In terms of farmland bird population changes, the UK is 11th worst out of 40 European countries over the period 1990-2000. And we were even closer to the bottom, as I remember it, in a previous analysis which covered the period 1980-1990.
Farmland birds declined in most European countries (but increased in just a few) and I wonder what we can learn, maybe nothing, in terms of how the league leaders, Austria, practise their farming? In Austria, farmland birds did pretty well apparently. And Austria is top of the league, it seems, and if you ignore Liechtenstein (which we all do!), in terms of organic agriculture. It can't be that simple can it?
A love of the natural world demonstrates that a person is a cultured inhabitant of planet Earth.
Well Mark although i feel you are exasperated in a funny way this thread has given you the chance to let us have a lot of information that we seem not to search out for one reason or another so think you should see the positive side of it.Think it is just going to be a slow job getting majority of farmers on board and while you often give praise to individual farmers one or two comments from others at RSPB undermine some of the good you do as it is a fact of life whether we like it or not farmers are thin skinned about criticism of farm wildlife that is often unfair on those doing a good job.
syldata - provoactive!
Blimey.....I spend a lot of time on climate change issues and have concluded there are two types of deniers, those who are just obsessed with some kind of world conspiracy , and those who have clear motives that put them in opposition.

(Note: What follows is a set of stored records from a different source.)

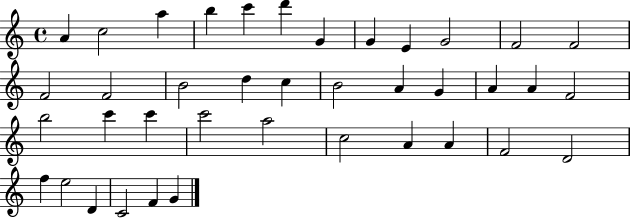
X:1
T:Untitled
M:4/4
L:1/4
K:C
A c2 a b c' d' G G E G2 F2 F2 F2 F2 B2 d c B2 A G A A F2 b2 c' c' c'2 a2 c2 A A F2 D2 f e2 D C2 F G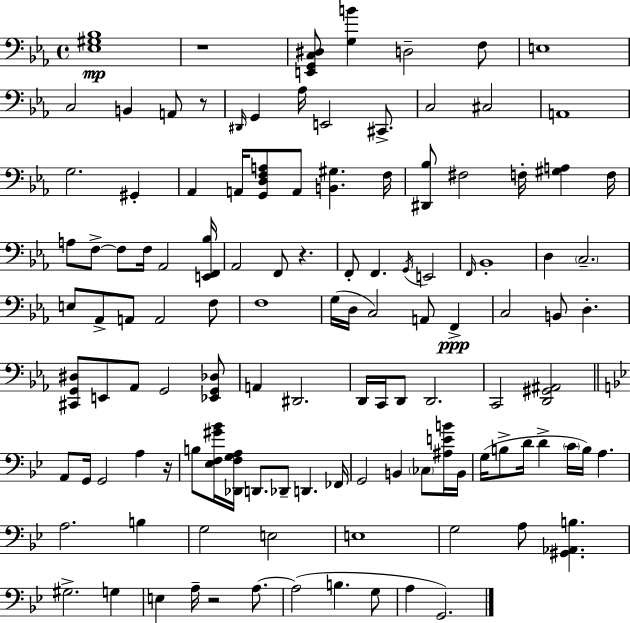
{
  \clef bass
  \time 4/4
  \defaultTimeSignature
  \key ees \major
  \repeat volta 2 { <ees gis bes>1\mp | r1 | <e, g, c dis>8 <g b'>4 d2-- f8 | e1 | \break c2 b,4 a,8 r8 | \grace { dis,16 } g,4 aes16 e,2 cis,8.-> | c2 cis2 | a,1 | \break g2. gis,4-. | aes,4 a,16 <g, d f a>8 a,8 <b, gis>4. | f16 <dis, bes>8 fis2 f16-. <gis a>4 | f16 a8 f8->~~ f8 f16 aes,2 | \break <e, f, bes>16 aes,2 f,8 r4. | f,8-. f,4. \acciaccatura { g,16 } e,2 | \grace { f,16 } bes,1-. | d4 \parenthesize c2.-- | \break e8 aes,8-> a,8 a,2 | f8 f1 | g16( d16 c2) a,8 f,4->\ppp | c2 b,8 d4.-. | \break <cis, g, dis>8 e,8 aes,8 g,2 | <ees, g, des>8 a,4 dis,2. | d,16 c,16 d,8 d,2. | c,2 <d, gis, ais,>2 | \break \bar "||" \break \key bes \major a,8 g,16 g,2 a4 r16 | b8 <ees f gis' bes'>16 <des, f g a>16 d,8. des,8-- d,4. fes,16 | g,2 b,4 \parenthesize ces8 <ais e' b'>16 b,16 | g16( b8-> d'16 d'4-> \parenthesize c'16 b16) a4. | \break a2. b4 | g2 e2 | e1 | g2 a8 <gis, aes, b>4. | \break gis2.-> g4 | e4 a16-- r2 a8.~~ | a2( b4. g8 | a4 g,2.) | \break } \bar "|."
}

To the former I keep saying that if climate scientists were any good at conspiracy we might have made more progress on fighting dangerous climate change, to the latter I just ask them to be honest!

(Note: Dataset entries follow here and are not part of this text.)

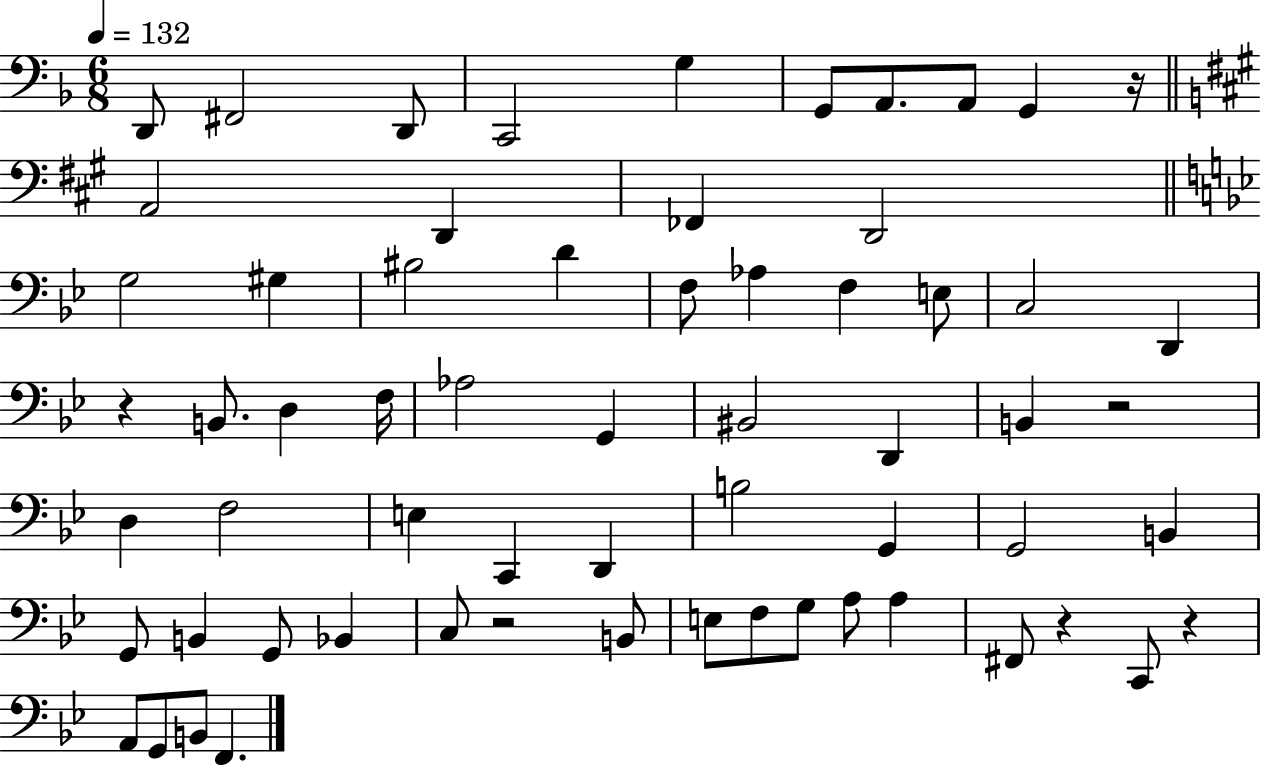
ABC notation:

X:1
T:Untitled
M:6/8
L:1/4
K:F
D,,/2 ^F,,2 D,,/2 C,,2 G, G,,/2 A,,/2 A,,/2 G,, z/4 A,,2 D,, _F,, D,,2 G,2 ^G, ^B,2 D F,/2 _A, F, E,/2 C,2 D,, z B,,/2 D, F,/4 _A,2 G,, ^B,,2 D,, B,, z2 D, F,2 E, C,, D,, B,2 G,, G,,2 B,, G,,/2 B,, G,,/2 _B,, C,/2 z2 B,,/2 E,/2 F,/2 G,/2 A,/2 A, ^F,,/2 z C,,/2 z A,,/2 G,,/2 B,,/2 F,,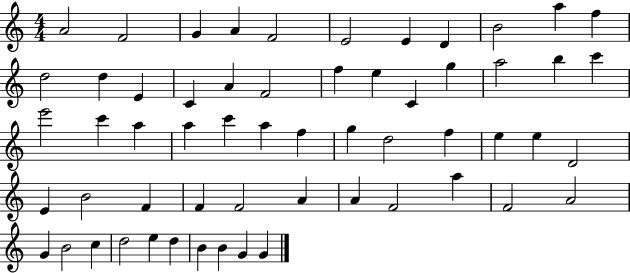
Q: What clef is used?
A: treble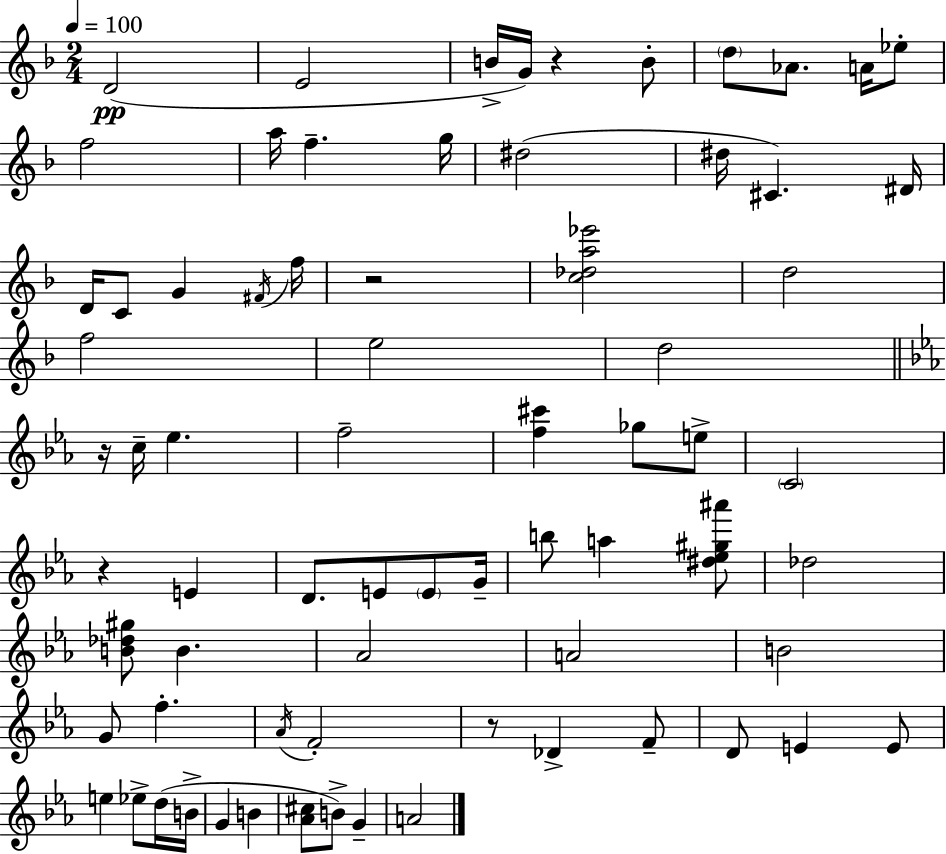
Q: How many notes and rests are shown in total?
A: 72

So Essex Peasant - what kind of denier are you?
essex peasant - careful, peasants shouldn't revolt too much!
You are now slipping into just being completely negative. I wonder why you can't acknowledge the success at Hope Farm? Why is it so difficult for you to praise what has been achieved there?
I don't think you are right about bird numbers at Hope Farm. We have surveyed all bird species there since we acquired the farm - over 100 species recorded (not sure what the total is now). We monitor all breeding and wintering bird species and lots of non-birds as well. If we didn't count everything then we'd be mad, and you would probably say so! But we have consistently (after a few years, so that there is a trend to look at) used the Farmland Bird Index when describing the bird numbers at Hope Farm because that's been an important measure of farmland bird populations at use in policy discussions for years (in fact, since 1999 or so). You can find examples of us using the FBI at Hope Farm on this the RSPB website if you doubt it - I've just checked.
And I will leave it to others to check what we say about farmers to judge whether you are correct when you say that we 'demonise farmers as being uncaring'. Have a look at this blog and the RSPB website as a whole. The internet does make it a lot easier for anyone to see what we actually say rather than rely on your inaccurate version of what we say. To start with - do have a look at the recent blog on stone curlews mentioned in my remarks to Sooty above.
Bob - you understand at least! Thank you!
Farmers are putting back many hedges that were ripped out back inthe 60s and 70s but it will, unfortunately, take quite a whole before in arable regions the hedge infrastructure has recovered completely and that means that linnets and yellowhammers may not be able to revcover very quickly - at Hope Farm hedge management has helped them to spread to new nesting areas on the farm.
The move away from mixed farming is one of the important aspects of intensification and is unlikely to be reversed very quickly.
But Hope Farm shows that if farmers do the right things, and grants to do these things are available through agri-environment schemes, then impressive increases in bird numbers are possible on arable farms with reduced hedgerows. The RSPB's success at Hope farm shows what can be done and we have a network of advisors who work with keen farmers so that they can do similar things on their farms.